— PROBLEM REQUIREMENTS —
Below are records; write all of them out exactly.

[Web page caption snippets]
▬▬▬▬▬▬
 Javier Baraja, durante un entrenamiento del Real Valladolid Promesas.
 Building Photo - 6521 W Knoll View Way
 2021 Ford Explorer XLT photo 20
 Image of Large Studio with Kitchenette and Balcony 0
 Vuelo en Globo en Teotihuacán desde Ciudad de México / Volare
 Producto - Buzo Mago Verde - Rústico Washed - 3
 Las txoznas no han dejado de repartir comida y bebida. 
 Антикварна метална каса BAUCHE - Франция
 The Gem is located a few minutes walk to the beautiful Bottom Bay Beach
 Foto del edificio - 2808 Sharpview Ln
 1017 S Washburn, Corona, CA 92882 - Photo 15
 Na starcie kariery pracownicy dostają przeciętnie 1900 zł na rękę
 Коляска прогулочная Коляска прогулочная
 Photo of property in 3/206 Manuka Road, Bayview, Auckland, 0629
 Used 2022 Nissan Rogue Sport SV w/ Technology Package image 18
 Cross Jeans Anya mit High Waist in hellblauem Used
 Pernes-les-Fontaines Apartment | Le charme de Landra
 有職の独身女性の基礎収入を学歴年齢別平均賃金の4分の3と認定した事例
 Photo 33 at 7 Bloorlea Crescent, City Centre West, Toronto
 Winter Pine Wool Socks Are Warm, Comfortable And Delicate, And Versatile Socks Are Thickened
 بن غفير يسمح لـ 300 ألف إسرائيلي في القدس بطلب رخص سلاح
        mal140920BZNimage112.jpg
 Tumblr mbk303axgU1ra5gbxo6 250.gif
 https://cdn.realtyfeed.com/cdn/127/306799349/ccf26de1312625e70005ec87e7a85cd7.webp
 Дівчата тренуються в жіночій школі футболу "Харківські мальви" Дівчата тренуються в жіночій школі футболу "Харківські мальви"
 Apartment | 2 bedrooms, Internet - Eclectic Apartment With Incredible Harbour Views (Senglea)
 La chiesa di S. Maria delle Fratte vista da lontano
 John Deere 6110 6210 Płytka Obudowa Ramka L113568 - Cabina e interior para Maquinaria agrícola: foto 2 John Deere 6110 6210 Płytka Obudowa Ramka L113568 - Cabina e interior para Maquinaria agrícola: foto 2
▬▬▬▬▬▬
— YOUR RESPONSE —
 Javier Baraja, durante un entrenamiento del Real Valladolid Promesas.
 Building Photo - 6521 W Knoll View Way
 2021 Ford Explorer XLT photo 20
 Image of Large Studio with Kitchenette and Balcony 0
 Vuelo en Globo en Teotihuacán desde Ciudad de México / Volare
 Producto - Buzo Mago Verde - Rústico Washed - 3
 Las txoznas no han dejado de repartir comida y bebida. 
 Антикварна метална каса BAUCHE - Франция
 The Gem is located a few minutes walk to the beautiful Bottom Bay Beach
 Foto del edificio - 2808 Sharpview Ln
 1017 S Washburn, Corona, CA 92882 - Photo 15
 Na starcie kariery pracownicy dostają przeciętnie 1900 zł na rękę
 Коляска прогулочная Коляска прогулочная
 Photo of property in 3/206 Manuka Road, Bayview, Auckland, 0629
 Used 2022 Nissan Rogue Sport SV w/ Technology Package image 18
 Cross Jeans Anya mit High Waist in hellblauem Used
 Pernes-les-Fontaines Apartment | Le charme de Landra
 有職の独身女性の基礎収入を学歴年齢別平均賃金の4分の3と認定した事例
 Photo 33 at 7 Bloorlea Crescent, City Centre West, Toronto
 Winter Pine Wool Socks Are Warm, Comfortable And Delicate, And Versatile Socks Are Thickened
 بن غفير يسمح لـ 300 ألف إسرائيلي في القدس بطلب رخص سلاح
        mal140920BZNimage112.jpg
 Tumblr mbk303axgU1ra5gbxo6 250.gif
 https://cdn.realtyfeed.com/cdn/127/306799349/ccf26de1312625e70005ec87e7a85cd7.webp
 Дівчата тренуються в жіночій школі футболу "Харківські мальви" Дівчата тренуються в жіночій школі футболу "Харківські мальви"
 Apartment | 2 bedrooms, Internet - Eclectic Apartment With Incredible Harbour Views (Senglea)
 La chiesa di S. Maria delle Fratte vista da lontano
 John Deere 6110 6210 Płytka Obudowa Ramka L113568 - Cabina e interior para Maquinaria agrícola: foto 2 John Deere 6110 6210 Płytka Obudowa Ramka L113568 - Cabina e interior para Maquinaria agrícola: foto 2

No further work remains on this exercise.